• Problem statement: Repeat exactly the lines of the records below, starting at the line containing "3 Packs 3FT" and ending at the line containing "Kitchen shelf with". Leave the pictures out.

• Supplied records:
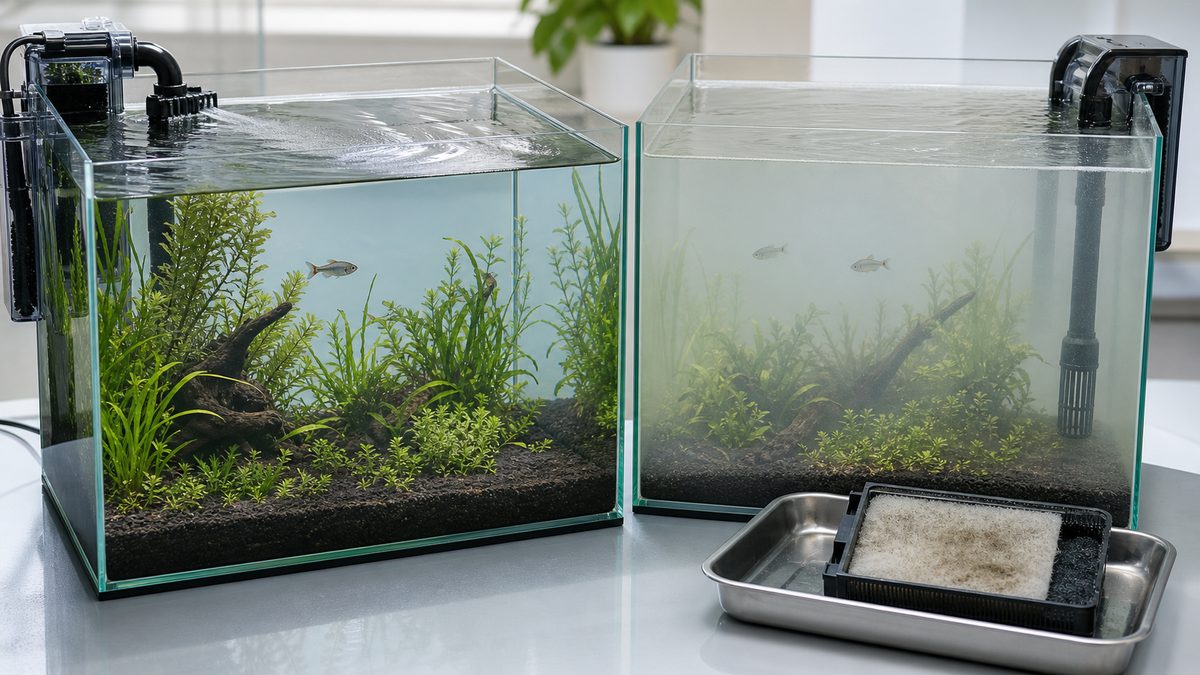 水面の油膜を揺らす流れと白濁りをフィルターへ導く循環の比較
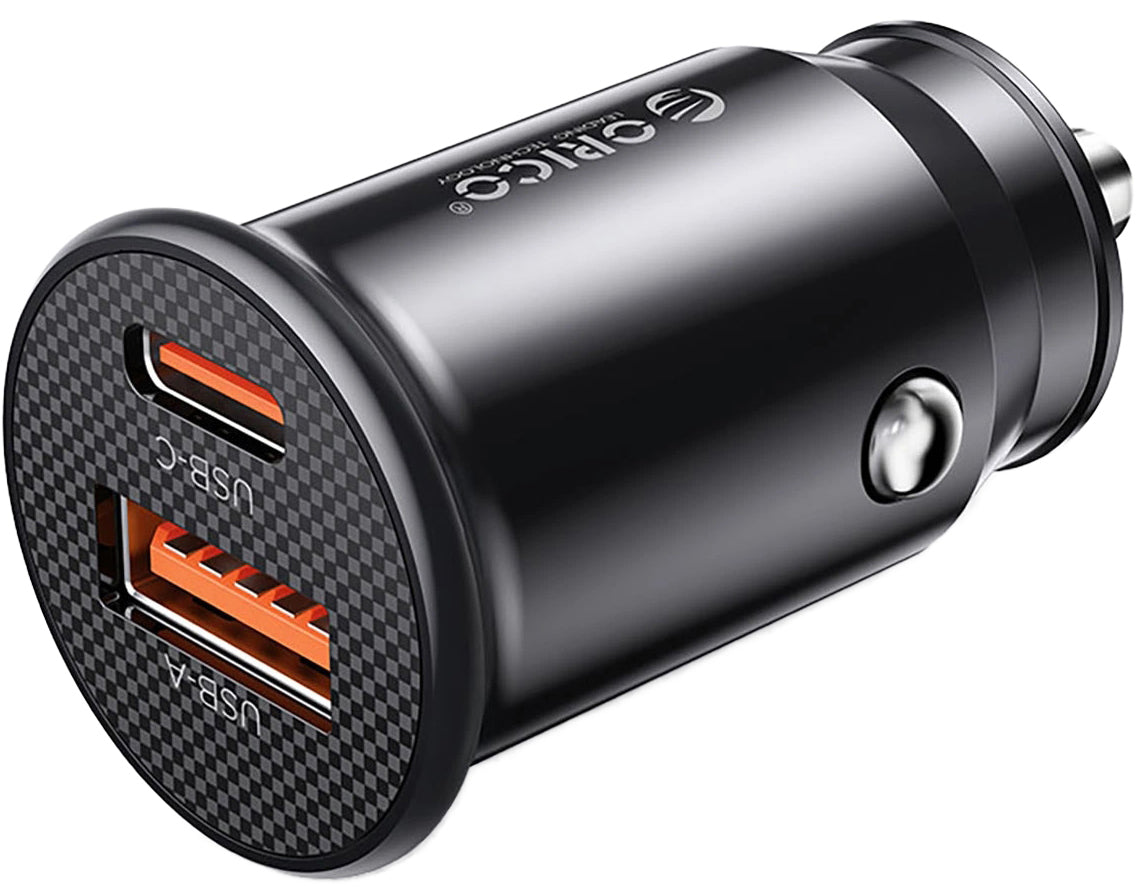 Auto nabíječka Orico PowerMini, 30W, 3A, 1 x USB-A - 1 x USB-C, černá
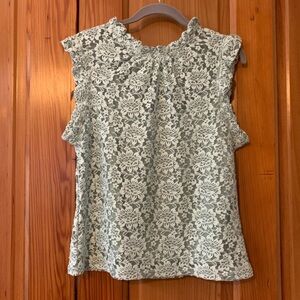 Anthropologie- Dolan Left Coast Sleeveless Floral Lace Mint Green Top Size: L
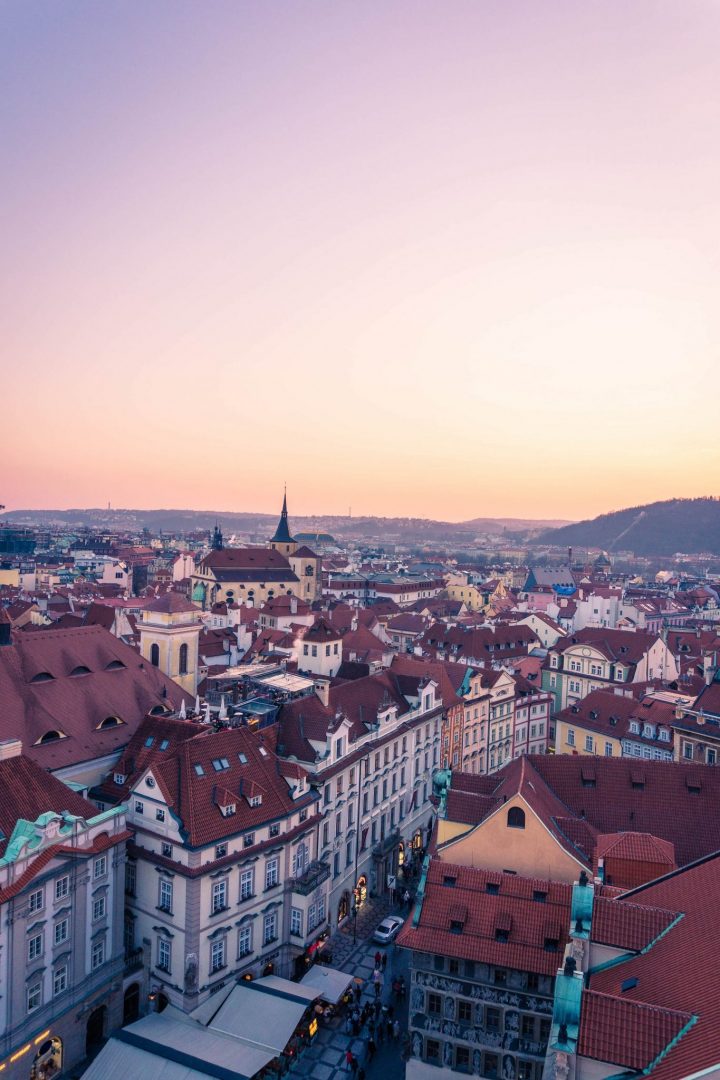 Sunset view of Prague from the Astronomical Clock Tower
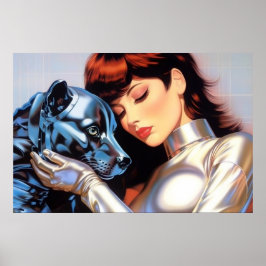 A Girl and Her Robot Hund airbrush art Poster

--

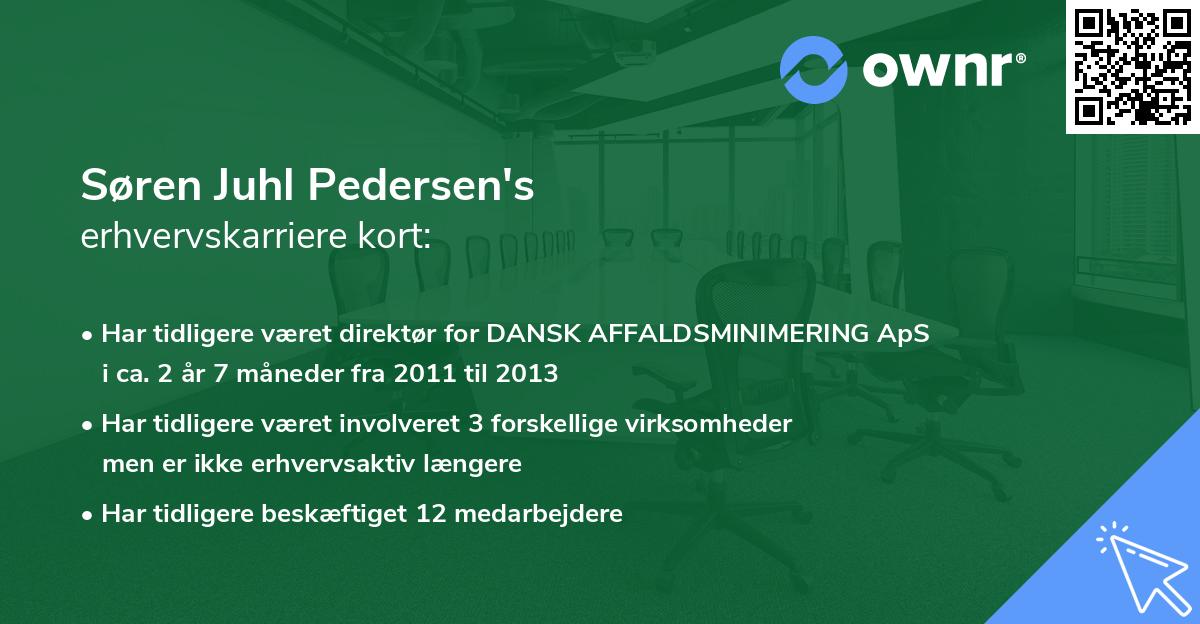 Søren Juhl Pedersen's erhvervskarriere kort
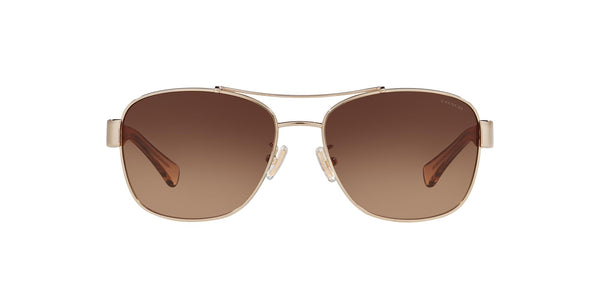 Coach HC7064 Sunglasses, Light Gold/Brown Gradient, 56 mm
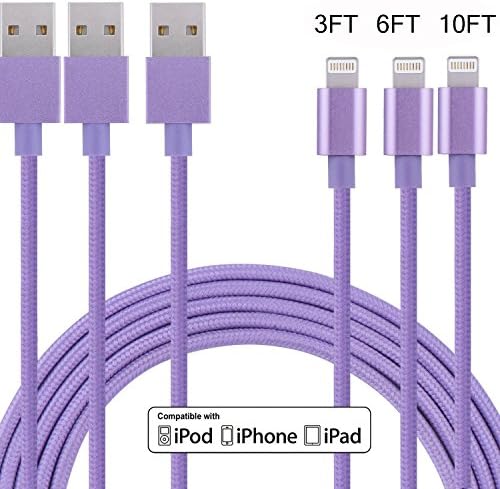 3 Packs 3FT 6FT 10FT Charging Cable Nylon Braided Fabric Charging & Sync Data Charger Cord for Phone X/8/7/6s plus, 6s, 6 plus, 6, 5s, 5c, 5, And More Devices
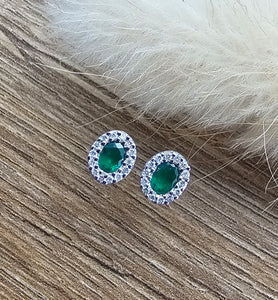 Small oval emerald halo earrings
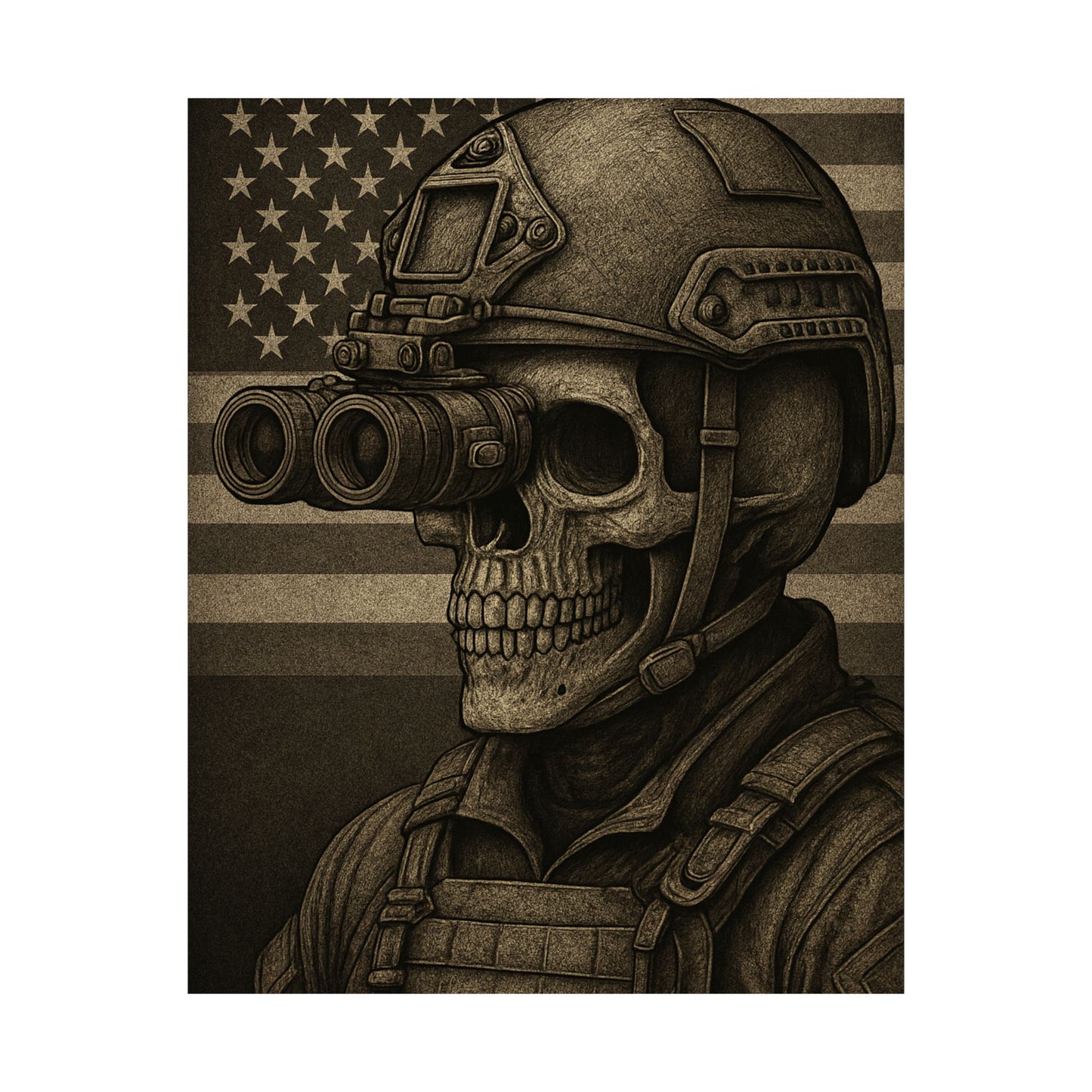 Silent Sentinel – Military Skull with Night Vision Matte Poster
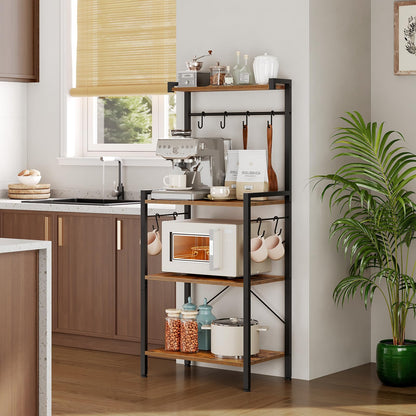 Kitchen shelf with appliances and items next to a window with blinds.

• Solution to this exercise:
 3 Packs 3FT 6FT 10FT Charging Cable Nylon Braided Fabric Charging & Sync Data Charger Cord for Phone X/8/7/6s plus, 6s, 6 plus, 6, 5s, 5c, 5, And More Devices
 Small oval emerald halo earrings
 Silent Sentinel – Military Skull with Night Vision Matte Poster
 Kitchen shelf with appliances and items next to a window with blinds.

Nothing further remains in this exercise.